# Super glue to strengthen snell knots?



## mr max (Apr 17, 2008)

I would appreciate some feed back from members on their use of super glue on snelled knots tied with flourocarbon line.Will it would reinforce my knot & give it a little extra insurance to keep the knot from slipping? Will it harm my line? What type of super glue liquid or gel?


----------



## Fish Scalper (Oct 31, 2009)

Superglue will weaken the line through the chemical reactions, don't use it.


----------



## Bad Bub (Jan 17, 2006)

I've never found a need to super glue a knot. If your knot won't hold on its own, either your tying it wrong or you need to be using a different knot...

Sent from my DROID RAZR using Ohub Campfire mobile app


----------



## Shad Rap (Nov 10, 2010)

Fish Scalper said:


> Superglue will weaken the line through the chemical reactions, don't use it.


This isn't true...been using loctite super glue on my flouro-to-braid knots for years...just a dab will do ya...pro's use it too.


----------



## big events (Jul 19, 2013)

Shad Rap said:


> This isn't true...been using loctite super glue on my flouro-to-braid knots for years...just a dab will do ya...pro's use it too.

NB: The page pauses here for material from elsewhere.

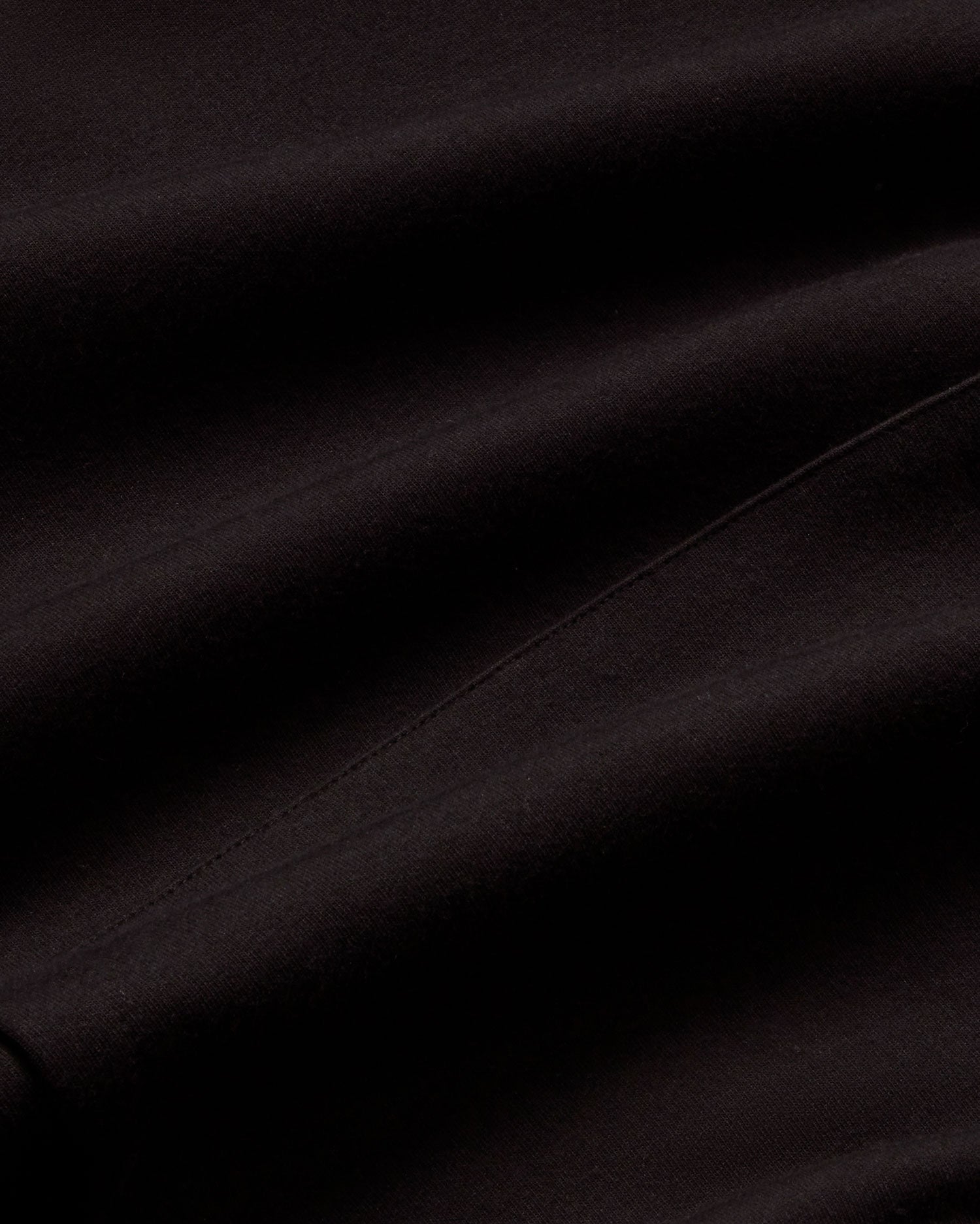 Sudadera negra Andrea unisex sostenible - silueta 2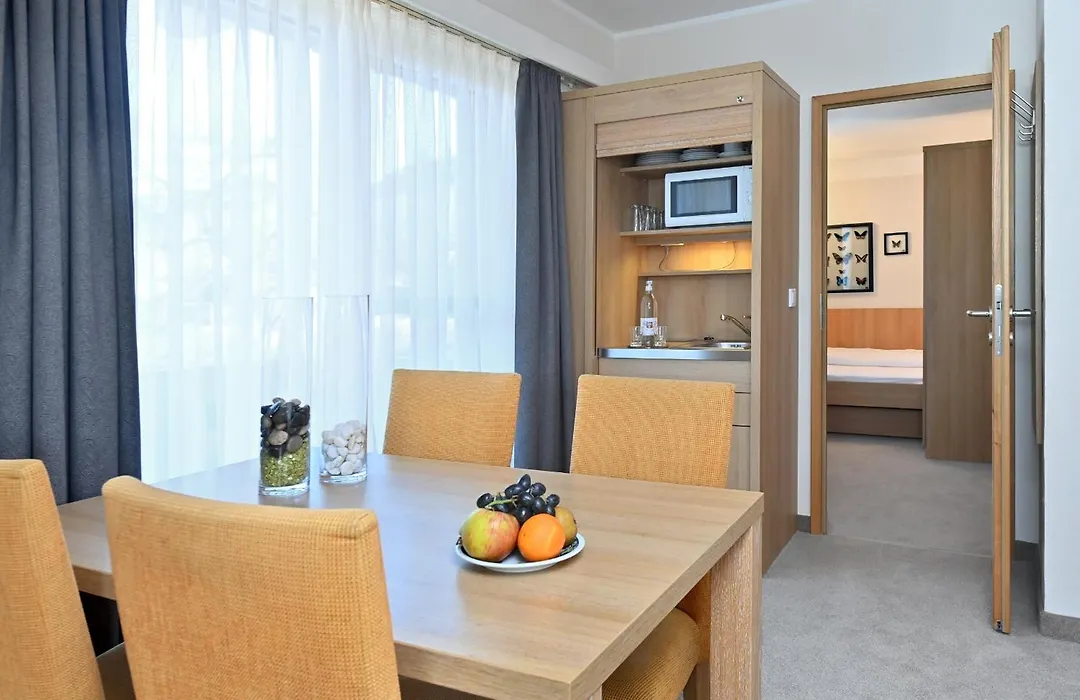 Landhaushotel Hof Wasserkuppe-1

what knot do you use for this? I have a flouro or mono backing on my braid reels and use a blood knot.


----------



## Shad Rap (Nov 10, 2010)

big events said:


> what knot do you use for this? I have a flouro or mono backing on my braid reels and use a blood knot.


I use the double uni knot on my flouro leaders...you wouldn't need to use a double uni for a backing knot though...but it is the best(personal opinion) flouro leader knot out there...you just want to make sure you loop it around about three more times on the braid side than the flouro side...you don't want the braid side knot to be too small or it may pull through the flouro side...although I've never had this happen...just seems logical.


----------